The attending physician for the medicine consult service, who wished to be identified only as “Dr. Mario” stated, “We tend to call complicated patients ‘train-wrecks.’  Mr. Poffbuilding was more than a train-wreck.  He was a train-wreck that had crashed into a nuclear waste dump during an earthquake caused by a volcanic eruption.”  Through much rehabilitation and extensive work by multiple services, Mr. Poffbuilding has been completely healed and is back to the way he was before his accident.

Narrating the hospital course for such a patient can be extremely difficult, Dr. Mario said.  “Dr. Caesar has really pulled off a feat,” he said.  “In three short sentences, he has told every future provider everything they need to know about what the team did for him.  I knew the creator of the no word SOAP note would pull off another victory!”

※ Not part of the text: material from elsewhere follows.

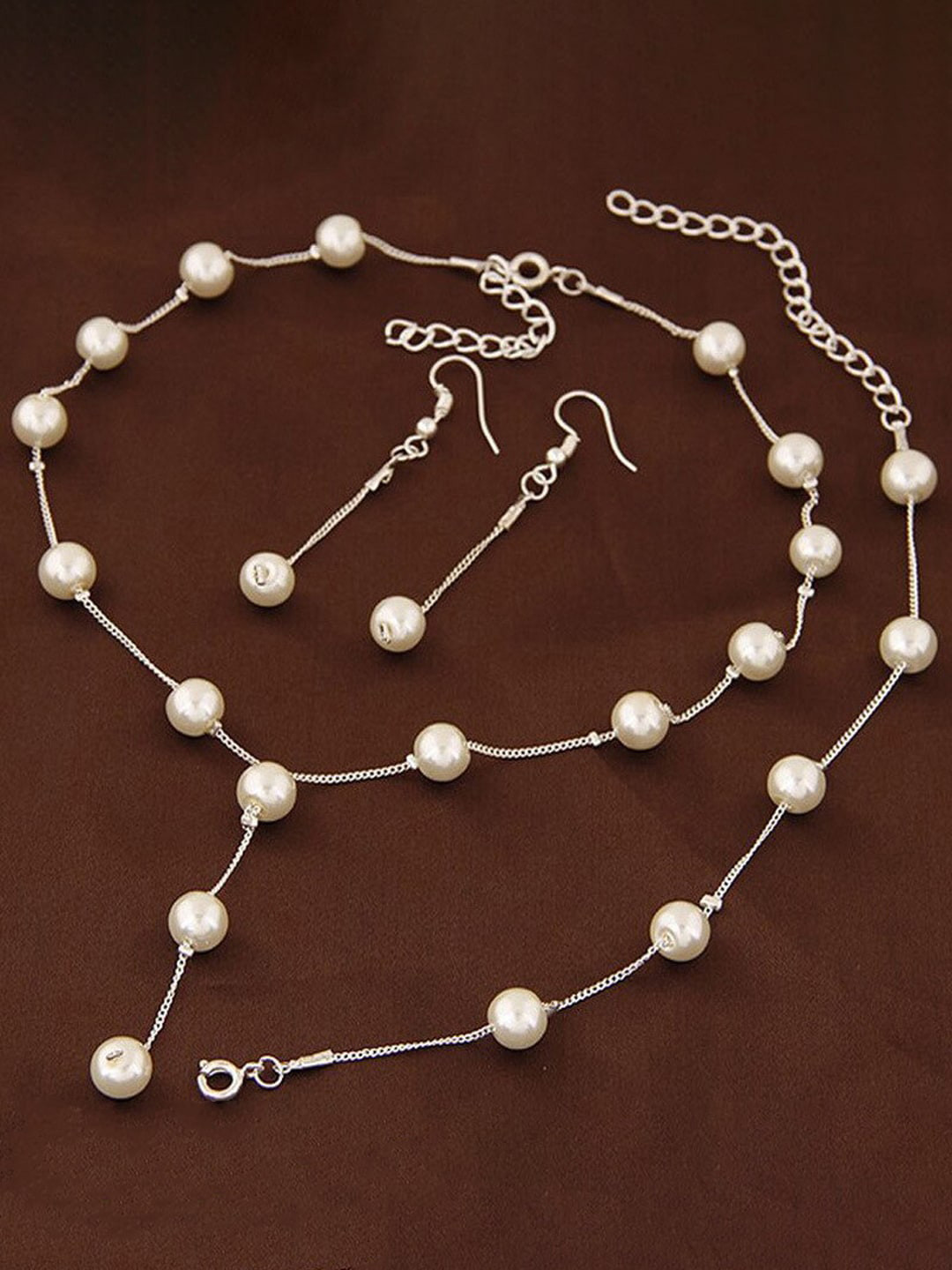 Jewels Galaxy Silver-Plated Studded Earring and Necklace Set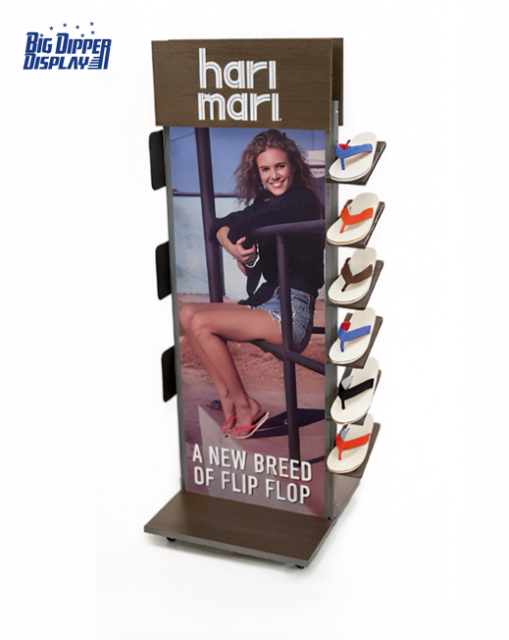 BDD-FF34 Footwear Store Floor Standing wood Flip Flops Display Rack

Dr. Mario’s sentiments have been echoed by others, including the Chief of the Division of Infectious Diseases at RUSH, who stated, “I’m so sick of discharge summaries that tell us what resistant organisms a patient grew and what antibiotics they were treated with.  All I need to know is that the patient was sick.  Dr. Caesar knows the true meaning of ‘summary.'”

A small group of dissenting physicians from the Bureau of Long-Ass Hospitalizations (BLAH) have stated that Dr. Caesar is setting a poor precedent by failing to include the minute details of Mr. Poffbuilding’s hospital course.  Dr. Marcus Brutus, a close friend of Dr. Caesar, tells GomerBlog that he privately warned him to, “Beware the Ides of March,” the date when the Joint Commission will be visiting RUSH.

When asked to comment, Dr. Caesar simply replied, “Et tu, Brute?”